À l’époque, en août 2020, le secrétaire national du SEP (Socialist Equality Party – Parti de l’égalité socialiste) Joseph Kishore, écrivait:

Au milieu de cette monumentale crise politique, économique et sociale, et sur fond de tant de souffrances, la population américaine se verra offrir le 'choix' entre le fasciste Trump, l'escroc de New York, et une candidature démocrate ayant à sa tête un représentant de la grande entreprise du Delaware et une ex-procureure de Californie. Cela en dit long sur l'état dégradé de la politique américaine.

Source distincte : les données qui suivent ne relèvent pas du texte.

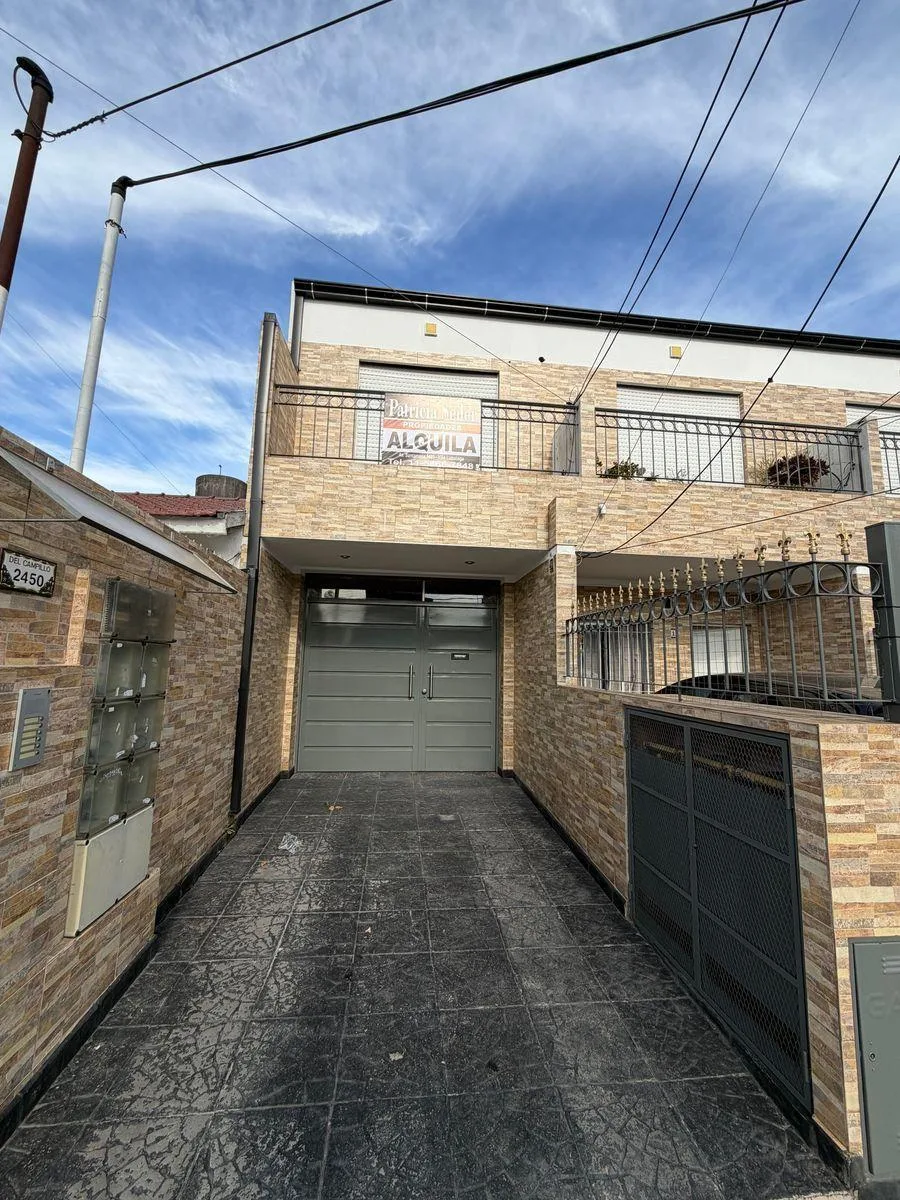 Departamento de 2 ambientes y medio con patio y cochera en Villa Luzuriaga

Maintenant que le représentant de la grande entreprise s’est retiré et que l’ex-procureure est montée en grade, la population américaine se verra à nouveau offrir ce «choix», dans des conditions où les deux partis capitalistes sont radicalement allés à droite.

Le Parti républicain est un instrument ouvertement fasciste pour la reconduction d’un président qui promet d’agir comme un dictateur dès le premier jour. Le Parti démocrate se concentre entièrement sur l’escalade de la guerre avec la Russie en Ukraine, le prolongement du génocide israélien à Gaza et la préparation d’une guerre encore plus grande contre la Chine.

La question centrale reste la construction d’un mouvement politique de masse de la classe ouvrière, basé sur un programme socialiste, et indépendant des deux grands partis du capitalisme américain, Démocrates et Républicains, auxquels il s’oppose.